Book Synopsis Renunciation and Untouchability in India by : Srinivasa Ramanujam
Download or read book Renunciation and Untouchability in India written by Srinivasa Ramanujam and published by Taylor & Francis. This book was released on 2019-06-26 with total page 266 pages. Available in PDF, EPUB and Kindle. Book excerpt: This volume develops a historically informed phenomenology of caste and untouchability. It explores the idea of ‘Brahmin’ and the practice of untouchability by offering a scholarly reading of ancient and medieval texts. By going beyond the notions of purity and pollution, it presents a new framework of understanding relationships between social groups and social categories. An important intervention in the study of caste and untouchability, this book will be an essential read for the scholars and researchers of political studies, political philosophy, cultural studies, Dalit studies, Indology, sociology, social anthropology and Ambedkar studies.

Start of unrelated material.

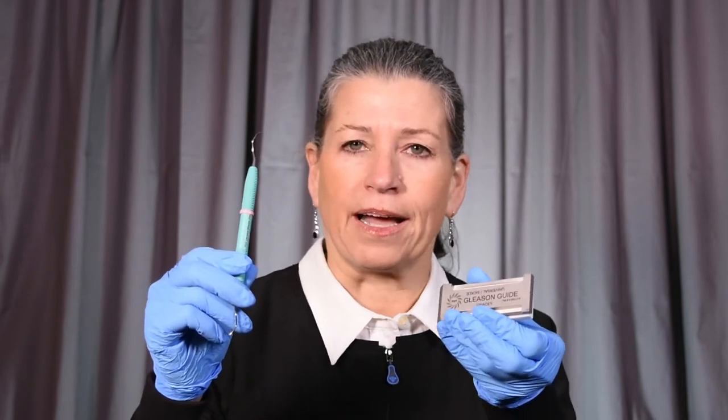Hi, I'm Linda Miller, CEO and founder of PDT, also known as Paradise Dental Technologies. Today, I'd like to show you how to sharpen our amazing Gracie curette with our Gleason guide.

Download or read book The Renunciations written by Donika Kelly and published by Graywolf Press. This book was released on 2021-05-04 with total page 72 pages. Available in PDF, EPUB and Kindle. Book excerpt: An extraordinary collection of endurance and transformation by the award-winning author of Bestiary The Renunciations is a book of resilience, survival, and the journey to radically shift one’s sense of self in the face of trauma. Moving between a childhood marked by love and abuse and the breaking marriage of that adult child, Donika Kelly charts memory and the body as landscapes to be traversed and tended. These poems construct life rafts and sanctuaries even in their most devastating confrontations with what a person can bear, with how families harm themselves. With the companionship of “the oracle”—an observer of memory who knows how each close call with oblivion ends—the act of remembrance becomes curative, and personal mythologies give way to a future defined less by wounds than by possibility. In this gorgeous and heartrending second collection, we find the home one builds inside oneself after reckoning with a legacy of trauma—a home whose construction starts “with a razing.”
Download or read book The Complete Works written by James Allen and published by DigiCat. This book was released on 2022-11-13 with total page 1452 pages. Available in PDF, EPUB and Kindle. Book excerpt: Learn and practice the art of mindful living with the collection of the complete works of James Allen. Feel the difference in your attitude, thoughts and everyday energy with the father of the New Thought Philosophy and become successful in your personal and professional lives. Contents: As a Man Thinketh Out from the Heart (Sequel to "As a Man Thinketh") From Poverty to Power (aka The Realization of Prosperity and Peace) - The Path to Prosperity - The Way of Peace All These Things Added - Entering the Kingdom - The Heavenly Life Through the Gate of Good (aka Christ and Conduct) Byways of Blessedness Poems of Peace Eolaus (A Lyrical Dramatic Poem) The Life Triumphant: Mastering the Heart and Mind Morning and Evening Thoughts The Mastery of Destiny Above Life's Turmoil From Passion to Peace Eight Pillars of Prosperity Man: King of Mind, Body and Circumstance Light on Life's Difficulties How Pain Leads to Knowledge and Power Foundation Stones to Happiness and Success Men and Systems The Shining Gateway The Divine Companion James Allen's Book of Meditations for Every Day in the Year
Download or read book The Far Mosque written by Kazim Ali and published by . This book was released on 2005 with total page 84 pages. Available in PDF, EPUB and Kindle. Book excerpt: Kazim Ali's poetry debut draws on mystical traditions of the world's religions in its urgent quest.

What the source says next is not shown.